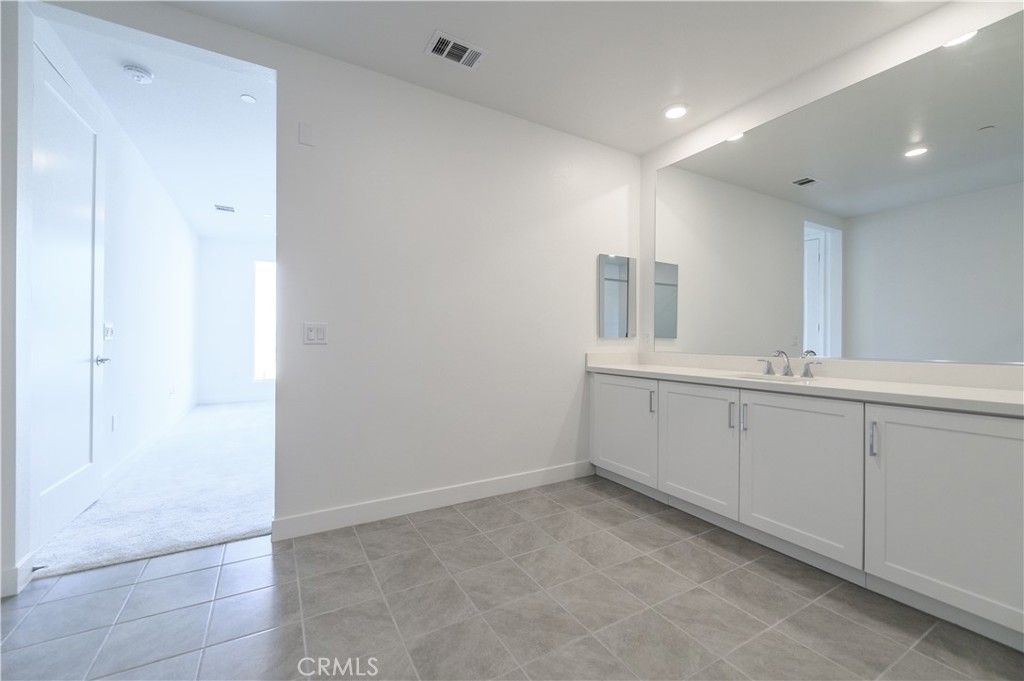 3608 Rivington Irvine, CA 92612 - Photo 35 of 74 a bathroom with a sink and a mirror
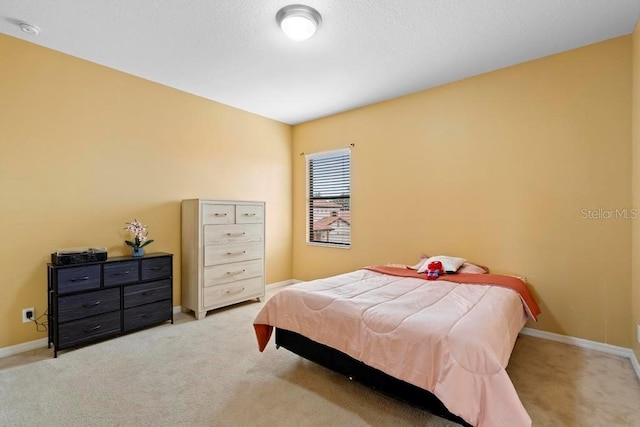 bedroom featuring light colored carpet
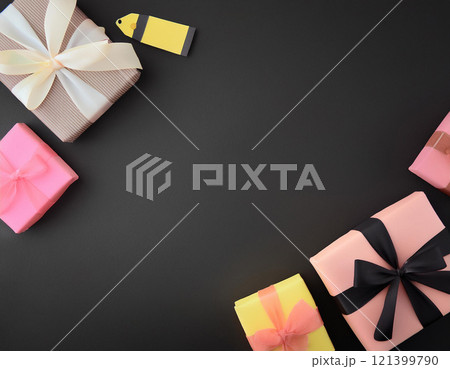 Gift boxes on black paper background with copy space. AI Generated. 121399790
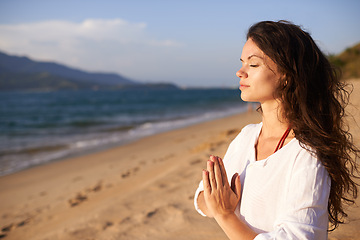 Image showing Prayer hands, woman and meditation on beach with mindfulness, eyes closed and zen with fresh air for calm outdoor. Ocean, breeze and travel with yoga for health, peace of mind and holistic healing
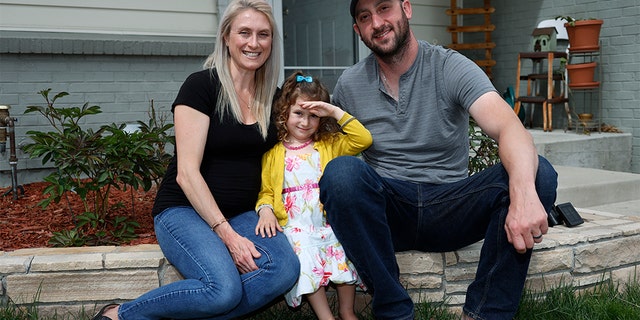 Eli Oderberg with wife Katie Evers and their 4-year-old daughter, Everlee, outside their home in southeast Denver last week. (AP Photo/David Zalubowski)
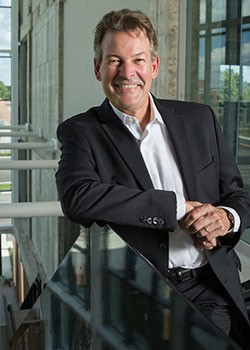 man in sports coat and buttondown shirt leaning against railing at top of a staircase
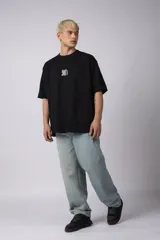 Remera de corte oversize confeccionada en algodón premium color crudo. Presenta un bordado frontal con la inscripción '90's' en color negro y un parche gráfico en la espalda con estética retro inspirada en los años 90.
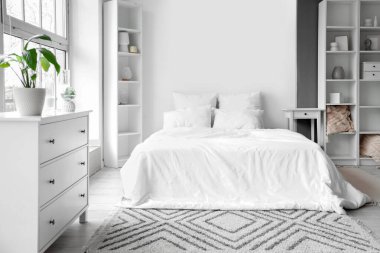 Büyük yataklı ve raf üniteli hafif yatak odasının içi.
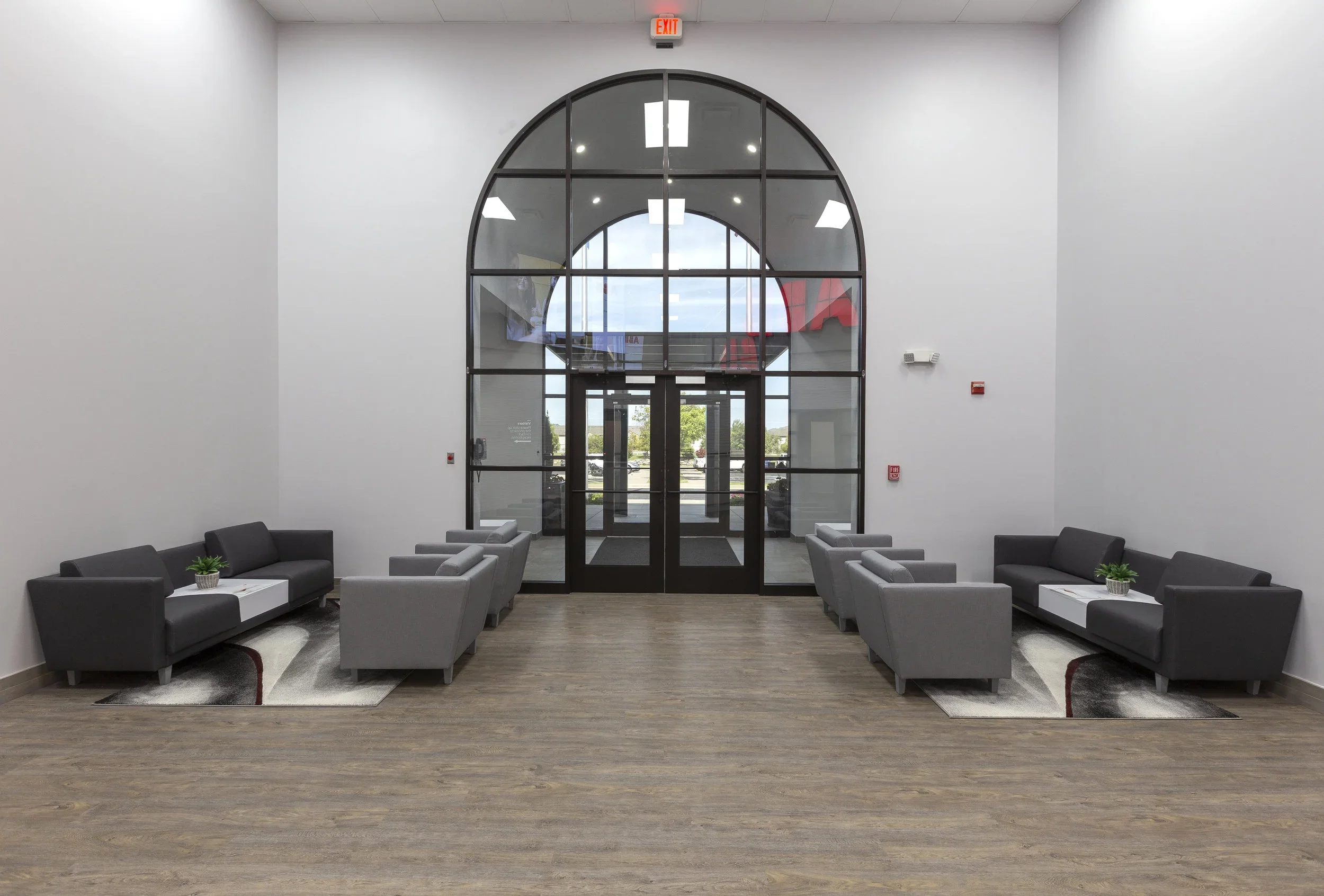 Modern lobby with high white walls, symmetrical gray and black sofas with small potted plants, large arched window and glass doors, wood flooring, fluorescent ceiling lights, visible outside parking lot and trees.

_The task:_ Going by the entries above, repeat exactly the lines that start at the line with "Remera de corte" and go on through the line with "Büyük yataklı ve". Pictures are not part of the copy.

_Exercise result:_
 Remera de corte oversize confeccionada en algodón premium color crudo. Presenta un bordado frontal con la inscripción '90's' en color negro y un parche gráfico en la espalda con estética retro inspirada en los años 90.
 Büyük yataklı ve raf üniteli hafif yatak odasının içi.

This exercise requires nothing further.